Cream of Asparagus Soup

Step-by-Step: How I Make It

  1. Sauté the Onion: Start by melting the butter or warming the oil in a large pot. Toss in the onion and cook gently for a couple of minutes until it softens but doesn’t brown.
  2. Add the Asparagus & Broth: Chop the asparagus in half (or thirds if they’re long) and add it to the pot along with the broth and a bit of pepper. Bring to a boil, then reduce the heat, cover, and simmer for about 20 minutes. The asparagus should be tender enough to mash with a fork.
  3. Blend Until Smooth: Once the asparagus is cooked through, take it off the heat and add a spoonful of sour cream or yogurt. Then use an immersion blender to puree everything right in the pot. No immersion blender? Just blend in batches in a regular blender, but be careful—it’s hot.

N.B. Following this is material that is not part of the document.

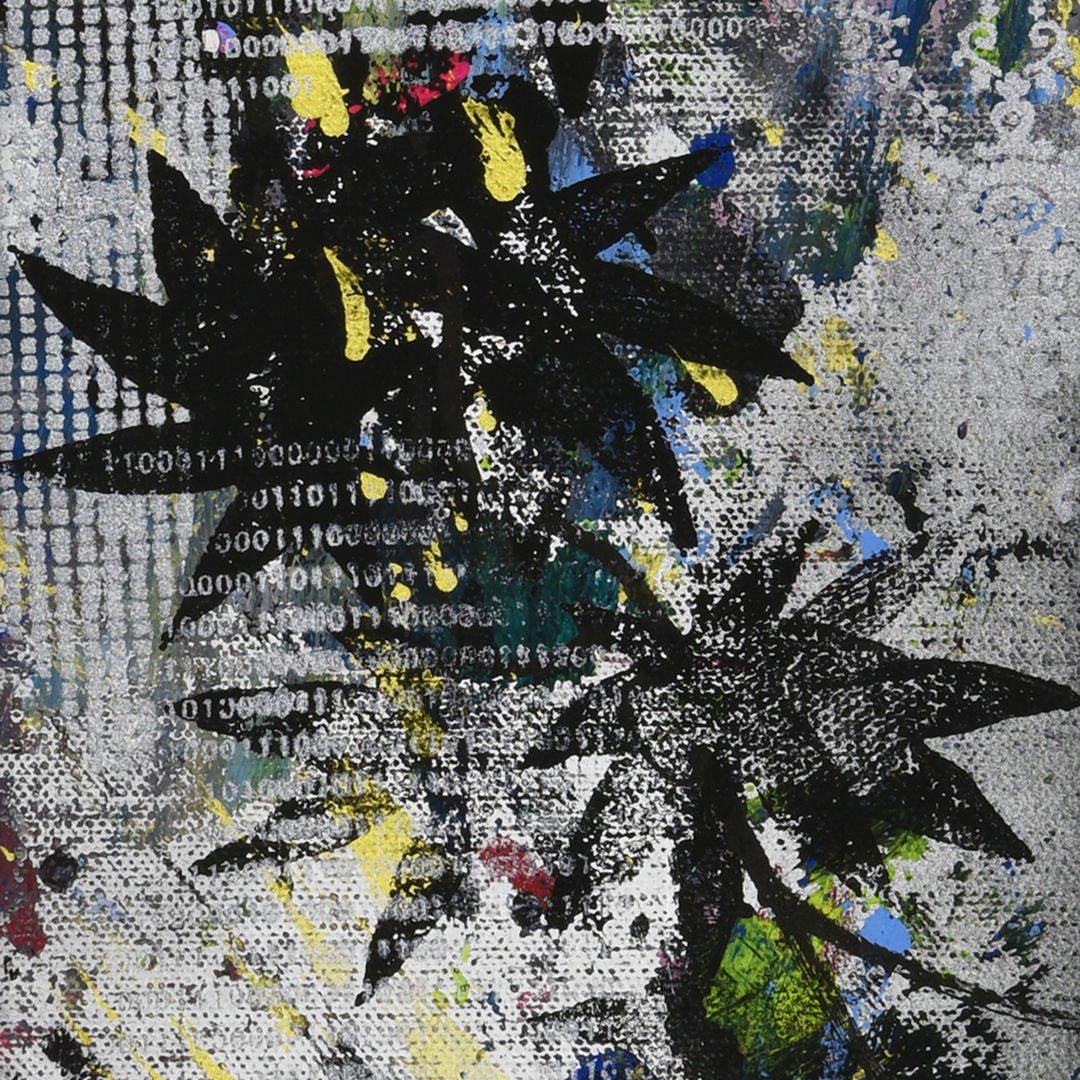 柏原晋平 絵画作品 寂香図 – SILENT INCENSE #08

How I Make It Creamy Without Cream

I used to think creamy soups meant loading up with heavy cream, but that’s not the case at all. Here’s how I get that satisfying texture without reaching for the cream carton:

  • Pureeing the Veggies: This is the magic step. Just blending cooked asparagus and onion with broth gives the soup a naturally creamy body.
  • Add a Potato (Optional): Sometimes I toss in a small chopped potato with the asparagus. It thickens the soup beautifully and makes it a bit more filling.
  • Finish with Sour Cream or Yogurt: This adds that little bit of tang and richness, but you can skip it or use dairy-free alternatives if you prefer.
  • Make a Roux (If You Like): If I’m in the mood for a thicker texture, I might do a quick butter-flour roux before sautéing the onion—just a teaspoon or two. My dad used to do this when he made cauliflower soup, and it reminds me of those cozy childhood dinners.

Ways to Add a Twist

This soup is a great canvas if you want to switch things up a bit:

  • Chopped Fresh Herbs: A handful of fresh chives, dill, or thyme on top is lovely.
  • Lemon Zest or Juice: Adds a nice brightness to balance the earthy asparagus.
  • Parmesan Cheese: A sprinkle right before serving makes it feel a bit fancy.
  • Toasted Almonds or Pumpkin Seeds: For a bit of crunch on top.

What to Serve It With

This is one of those soups that can go with anything. I often enjoy it with a grilled cheese or a crusty slice of sourdough when I want something cozy but not too filling. Some other pairings I love:

  • Grilled Sandwiches: Turkey club, roasted veggie panini, or even a melty air fryer chicken sandwich.
  • Cold Sandwiches: Think open-faced tuna salad on rye or a chicken lettuce wrap for something lighter.
  • Salads: An arugula side salad with lemon vinaigrette is my usual choice, or a hearty chopped Italian salad when I want to make it more of a full meal.

Storing and Reheating

This soup keeps really well, which is great because I often make a double batch and save half for later.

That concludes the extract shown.